In order to give an example of the complexity of the issue, we present below an analysis of the case law on the matter, specifying that each case must be assessed in concrete terms — at the cost of inevitable imprecision and the risk of drawing erroneous conclusions.
State of the art
Article 34 of the Contracts Code, paragraph 2, recalls art. 2359 of the Italian Civil Code.
In this sense, for the purposes of exclusion from the tender, what is relevant has become that control which materialises through dominant influence (Cass. sez. VI, no. 2950 of 4 June 2007), or which consists even only in a link such as to presume a notable influence exercised by one company over the other (Cass. sez. V, no. 4285 of 8 September 2008).
Where typical hypotheses ex art. 2359 c.c. occur, there is immediate application of the prohibition to participate in public tenders.
But also in the case where there is no direct relationship between the companies participating in the tender, but the relationship exists between them and another company — extraneous to the same tender, but nevertheless able, as holder of majority stakes of the various participants, to exercise that control or that influence such as to trace back to the “Holding” the decision-making centre that determines the content of the offers — there should be elimination from the tender.
Article 34 of the procurement code provides at paragraph 2 that “contracting stations also exclude from the tender competitors for whom they ascertain that the relative offers are attributable to a single decision-making centre, on the basis of unequivocal elements”.
In this regard the ruling of the Campania TAR, Naples, no. 99/2009 of 14 January is to be noted, according to which:
“the provision of the contracting station is legitimate that provides in the call further facts and/or situations deemed capable of altering the seriousness and secrecy of the offers, to which consequently to correlate the exclusion from the tender”.
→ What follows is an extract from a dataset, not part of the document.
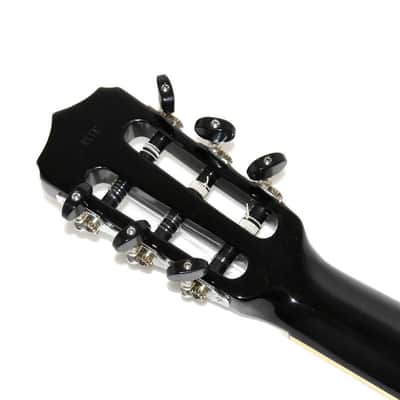 Cordoba Fusion 14 Jet Acoustic Electric Nylon String Classical Guitar image 8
Such clauses, however, do not constitute hypotheses of absolute presumption of violation of the principles of par condicio between competitors and of secrecy of offers, requiring case-by-case ascertainment of serious, precise and concurring indicators.
If what is provided occurs, the companies are “able to set offers coordinated with each other in order to influence the outcome of the tender to their advantage” and therefore “lacking the necessary independence, seriousness and reliability” (Cons. Stato, Sez. VI, 23/6/2006, no. 412).
Also for what is said above, it seems necessary to receive the principles of the Council of State ruling no. 1529/2006, aimed at preventing situations of substantial control between consortium and consortium members (in stable consortia) given the common business structure and the inevitable interweavings between the consortium’s bodies and the consortium members — an aspect we will discuss in the following paragraphs.
The very recent Council of State ruling 12 March 2009, no. 1459 concerns the participation in the tender of multiple controlled companies. The Council essentially held that the total control of multiple competing companies (in distinct formations) at a public tender, by a single company not participating in the same tender, is not in itself sufficient to constitute the violation of the rule above, where it is not accompanied by concrete indices of substantial link such as to bring out the existence of a single centre of interests.
Trying to bring order, attention must be paid to art. 2359 of the Civil Code, as recalled by paragraph 2 of art. 34 of the Procurement Code, a mandatory rule placed to protect economic public order.
According to the combined provisions of the rules indicated, cases of relevant control are those in which the following participate in the tender:
- companies in which another company has the majority of votes exercisable in the ordinary general meeting (Direct and effective control of decisions)
- companies in which another company has sufficient votes to exercise dominant influence in the ordinary general meeting (de facto internal control)
- companies that are under the dominant influence of other companies by virtue of particular contractual ties with them (external or contractual control; it is configured in cases where there is a contractual relationship between two companies with an exclusivity tie — e.g. franchising — or a contractual relationship by which the controlled activity is economically subordinated by the will or decisions of the controlling company).
The control above refers not only to direct control but also to indirect, based on the principle of transitivity, whereby if one company controls another and this in turn a third, it follows that the first also controls the third.
Paragraph 3 of art. 2359 c.c. outlines the case of corporate link and considers as linked “companies over which another company exercises notable influence”. Such is presumed the influence thanks to which at least one fifth of votes can be exercised in the ordinary general meeting, or one tenth if the company has shares listed on regulated markets.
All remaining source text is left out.